Agari, the next-generation Secure Email Cloud that restores trust to the inbox, announced two complementary innovations that extends the coverage and effectiveness of the Agari Secure Email Cloud. The combined innovations from Agari not only prevent 99.9% of advanced email attacks in real-time, but also enable “time travel” to prevent previously unknown attacks from causing a data breach. Agari announced these innovations on location at RSA Conference 2019 in San Francisco.
Continuous Detection and Response is new technology from Agari that provides an always-on posture to address both known and previously unknown email threats within the enterprise, enabling a unique retroactive approach for breach remediation. This new innovation leverages the Agari SOC Network for the latest threat intelligence feeds to identify indicators of compromise.
Once the characteristics of a newly discovered threat is confirmed, Agari machine learning models analyze messages across the entire organization, as if traveling back in time to the original delivery. Agari then automatically removes all newly discovered malicious emails to eliminate potential data breaches caused by these latent threats.
The Agari SOC Network is a new cyber intelligence sharing network comprised of Agari customer SOC teams, the Agari Cyber Intelligence Division, and best-of-breed machine readable threat intelligence feeds. As new advanced email threats are detected and confirmed by Agari customers and threat researchers, the Agari SOC Network automatically analyzes the indicators of compromise across all previously delivered email for all customers in seconds and automatically removes active threats.
Participants of the Agari SOC Network can access the threat intelligence through a mobile application that sends push notifications to mobile devices and enables analysts to review and delete malicious messages related to email security incidents around the clock.
“Most implemented secure email gateways (SEGs) are not designed with post-delivery detection and remediation techniques, costing incident responder and email admin time and reducing the feedback loop from end users,” said Peter Firstbrook, VP Analyst and Neil Wynn, Principal Analyst, Gartner. “To date, most solution providers have assumed filtering is catching, and will continue to catch, all phishing messages.

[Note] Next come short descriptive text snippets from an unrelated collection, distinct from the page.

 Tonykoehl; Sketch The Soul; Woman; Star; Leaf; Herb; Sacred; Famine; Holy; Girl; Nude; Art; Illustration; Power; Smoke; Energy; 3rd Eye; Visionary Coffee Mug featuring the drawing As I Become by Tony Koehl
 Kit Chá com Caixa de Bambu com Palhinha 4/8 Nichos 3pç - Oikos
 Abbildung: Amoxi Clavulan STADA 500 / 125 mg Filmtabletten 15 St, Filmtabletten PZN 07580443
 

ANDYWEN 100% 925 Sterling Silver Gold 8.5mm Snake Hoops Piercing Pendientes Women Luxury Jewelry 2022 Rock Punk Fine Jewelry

This is a dangerous assumption. History has shown that effective email filtering techniques result in attackers responding with new innovative attacks.”
Despite the rise in advanced email threats, existing security controls only analyze email messages at a single point in time, such as when emails are delivered, forwarded or a URL is clicked. In many cases, there may not be enough threat intelligence at that time for security systems to make a determination whether the message is malicious, allowing attacks to slip through the cracks.

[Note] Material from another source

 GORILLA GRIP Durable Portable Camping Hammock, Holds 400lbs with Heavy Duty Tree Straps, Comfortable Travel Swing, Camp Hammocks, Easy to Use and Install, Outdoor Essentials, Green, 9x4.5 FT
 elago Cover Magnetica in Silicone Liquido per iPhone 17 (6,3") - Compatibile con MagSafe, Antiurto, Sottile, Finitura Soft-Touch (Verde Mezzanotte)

When new malicious URLs, attachments or social engineering techniques are discovered, these malicious emails remain undetected and continue to pose a threat to the organization as a potential data breach.

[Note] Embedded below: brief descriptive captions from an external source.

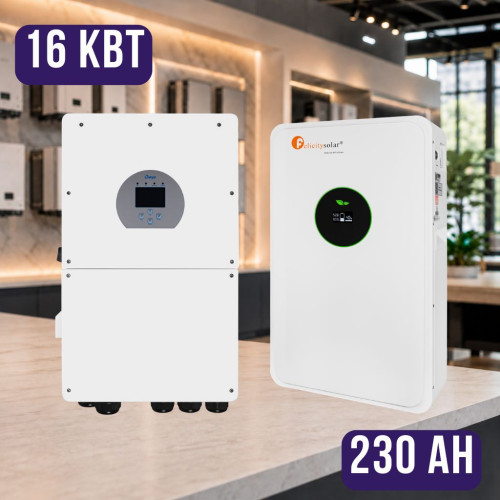 Комплект автономного енергоживлення: Deye SUN-16K-SG01LP1-EU-AM3-P WiFi 48 В 16 кВт+ Felicity FLA48230 51.2V 230Ah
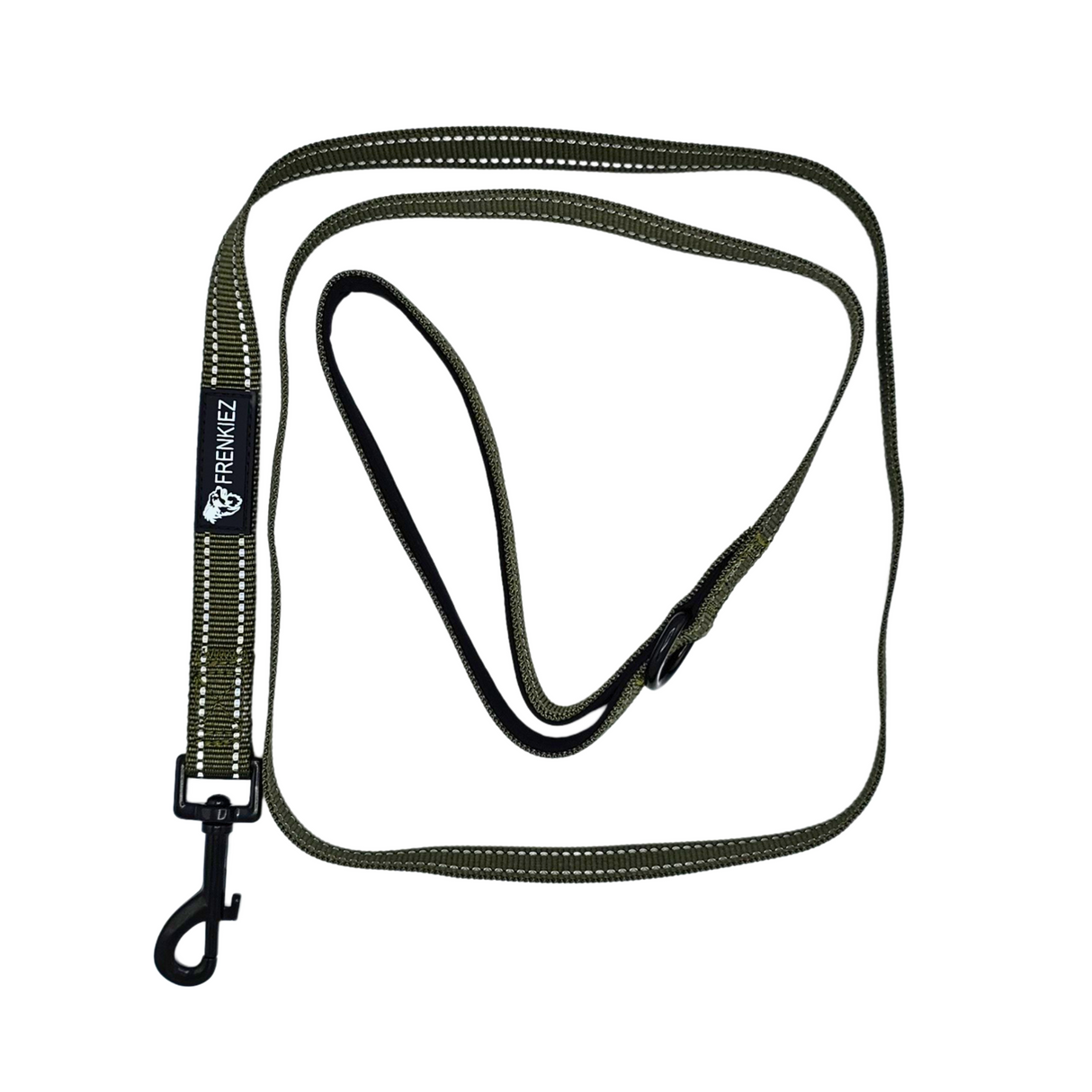 Frenkiez reflective  dog leash New Army Green - Premium hondenriem > hondenlijn from Frenkiez - Just €14.99! Shop now at Frenkiezdogshop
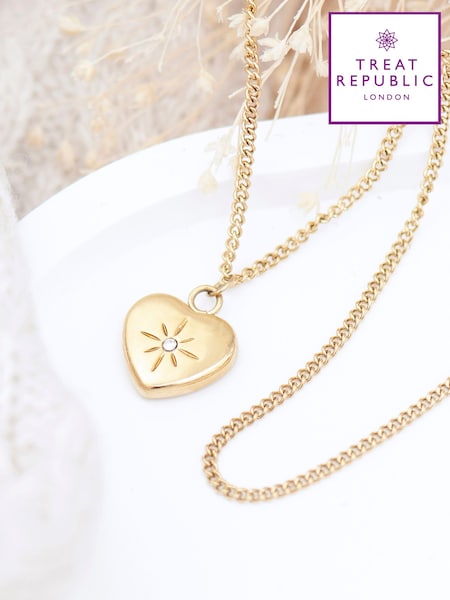 Treat Republic Gold Tone Personal Celestial Heart Pendant and Necklace (E94679) | £35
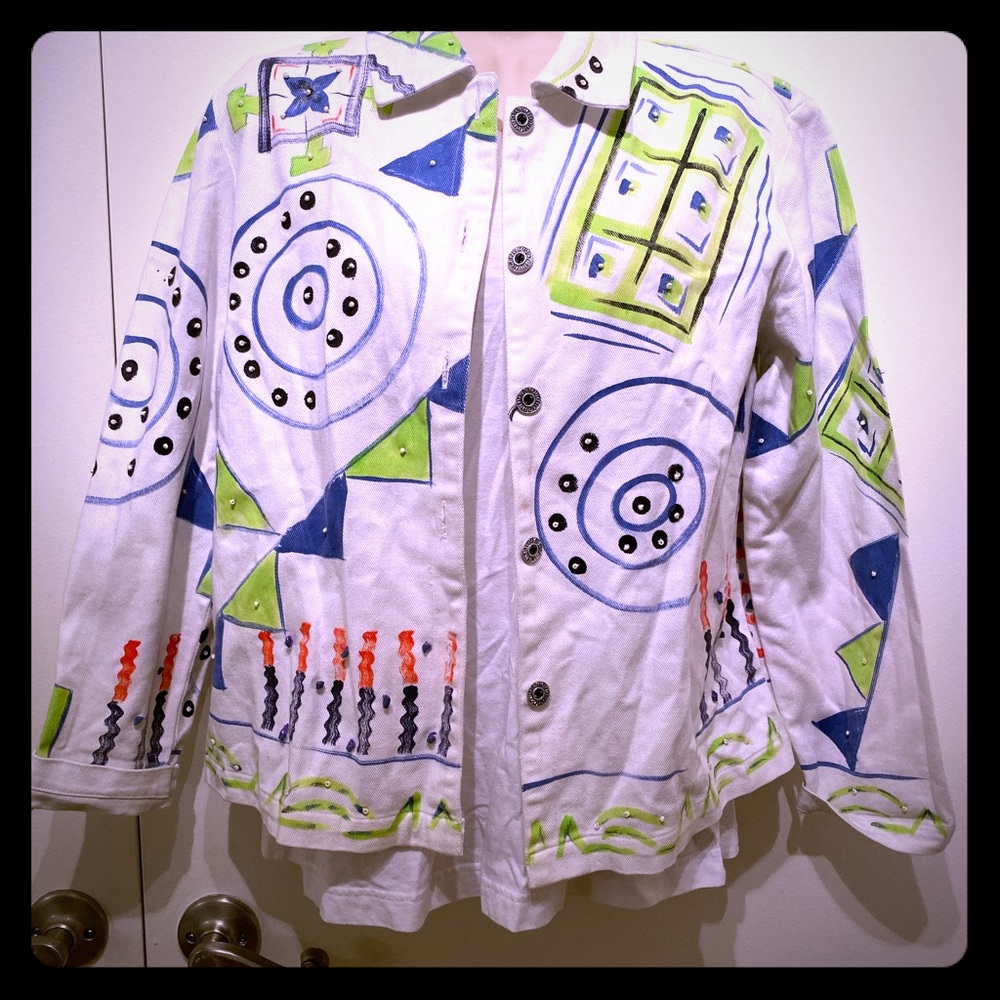 White and funky pattered jacket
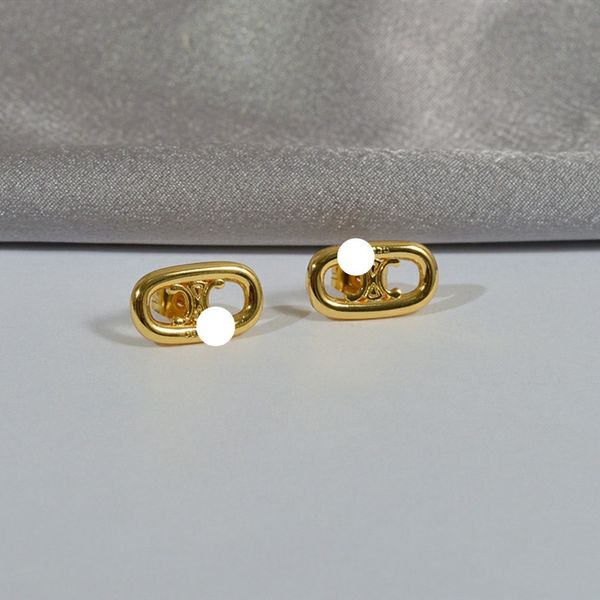 

2021 new designer celi's arc de oval earrings with style and versatile personality, Golden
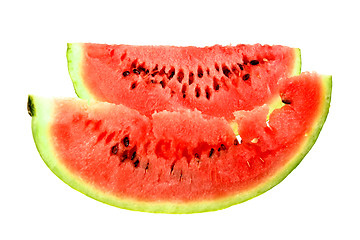 Image showing Two red slice of ripe water melon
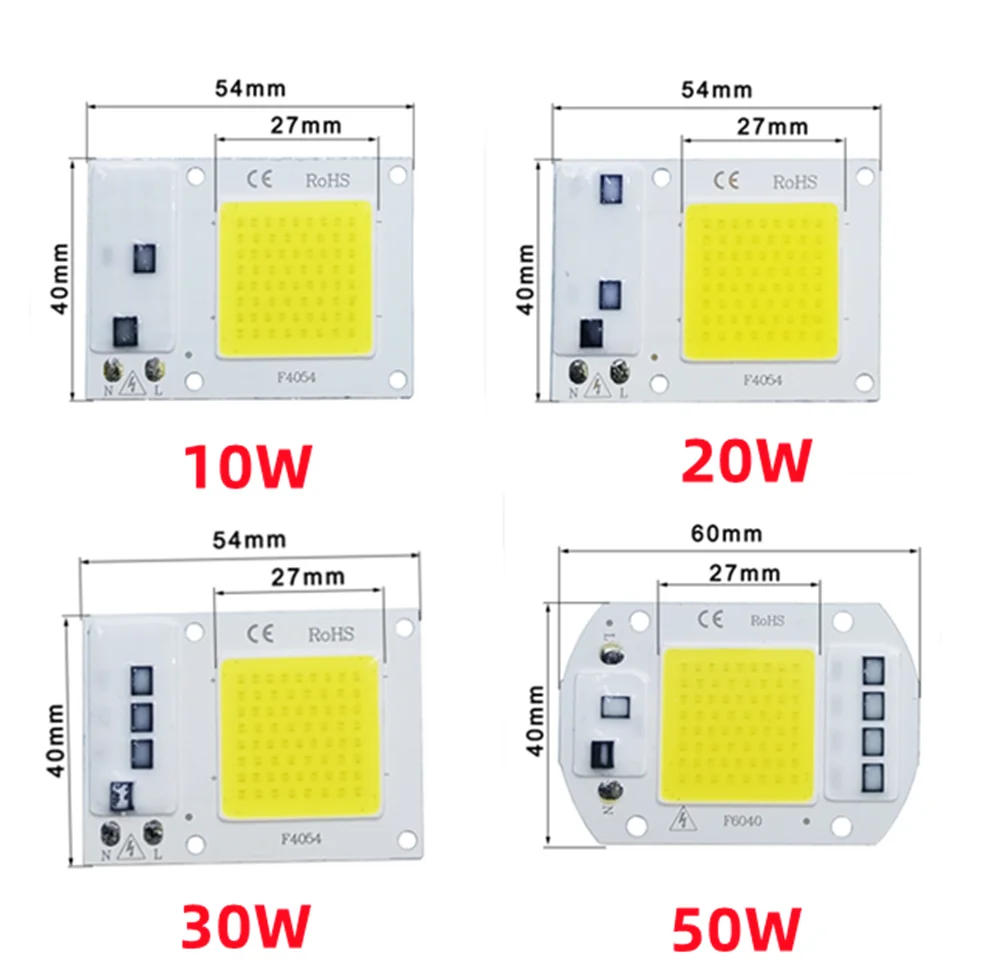 Description Picture 2 of itemLED COB lamp Bead 10W 20W 30W 50W AC 220V 240V IP65 Smart IC No Need Driver DIY Flood light Led Bulb Spotlight Outdoor Chip Lamp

“For decades, cyber criminals have successfully thwarted legacy defenses and year after year, email remains the primary attack vector,” said Patrick Peterson, Founder and CEO, Agari. “Agari’s community of elite cybersecurity SOC teams paired with an automated system marries human insight and machine learning to transform intelligence into action—removing latent threats after the fact is a unique approach and a big step forward for the industry.”
Both the Continuous Detection and Response technology and Agari SOC Network are part of the Agari Secure Email Cloud, a next-generation email security solution that detects, defends against and deters phishing and identity deception attacks.